Of all projects over the years Ed was the proudest of a Toyota saying, “All TRD had was a cylinder head and a valve cover! We designed the complete engine. The first time out in 2006 at the one-mile Copper Classic in Phoenix, it set quick time and won the race with Dave Steel driving. To this day, that Toyota engine is the one all the championship teams use. I’m very proud of that.”
That last sentence, “I did learn a lot so it wasn’t all bad,” sums Ed Pink up. He achieved what he did because he listened and learned and applied what he learned. In 1995, Ed received the NHRA Lifetime Achievement Award and was inducted into the International Drag racing Hall of Fame.

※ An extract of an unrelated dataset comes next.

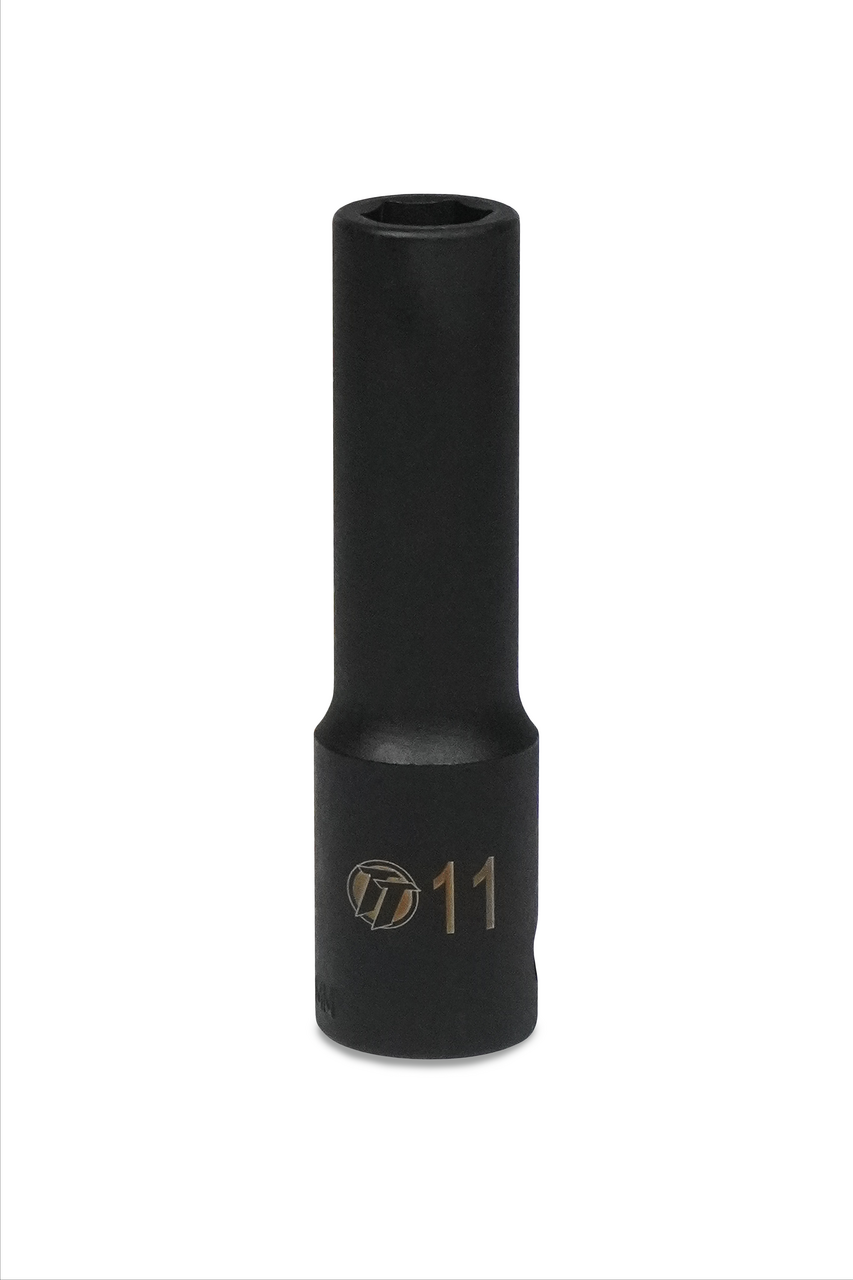 ToolTruck 1/2 Drive 11mm 6 Pt Deep Impact Socket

In 2008, Ed sold Ed Pink Racing Engines to Tom Malloy and long time employee Frank Honsowetz runs that company. Ed, meanwhile, went into business with Bob Brandt (Don Prudhomme’s crew chief for 17 years) to launch Ed Pink’s Garage in Newbury Park, California. Far from retired Ed said of the new venture, “Our goal is to connect with those enthusiasts who want something special and value the knowledge and experience Bob and I bring to the party. We will also be doing consulting work and help customers develop highly effective engine combinations.”